Within the listing below, the lines to output run from the one containing "Lauren By Ralph" through the one containing "Aqua-blue jacquard cotton"; copy them exactly and nothing else.
*** Provided records Section Begins ***
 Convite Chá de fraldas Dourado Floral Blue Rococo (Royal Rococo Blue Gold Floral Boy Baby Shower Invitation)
*** Provided records Section Ends ***
*** Provided records Section Begins ***
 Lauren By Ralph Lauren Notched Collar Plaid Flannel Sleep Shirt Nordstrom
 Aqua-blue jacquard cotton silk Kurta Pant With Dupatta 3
*** Provided records Section Ends ***
*** Provided records Section Begins ***
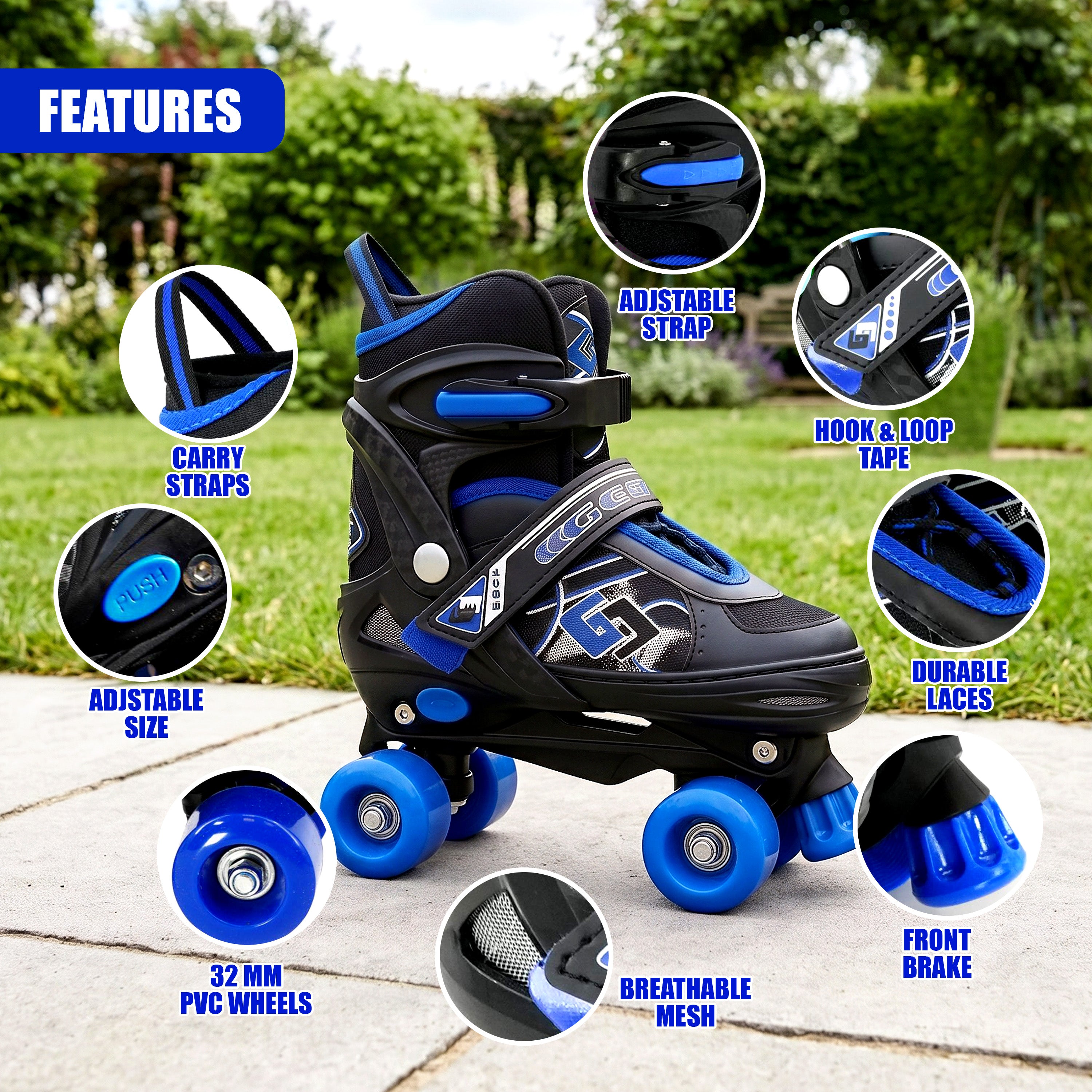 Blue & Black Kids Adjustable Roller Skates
*** Provided records Section Ends ***
Response to this task:
 Lauren By Ralph Lauren Notched Collar Plaid Flannel Sleep Shirt Nordstrom
 Aqua-blue jacquard cotton silk Kurta Pant With Dupatta 3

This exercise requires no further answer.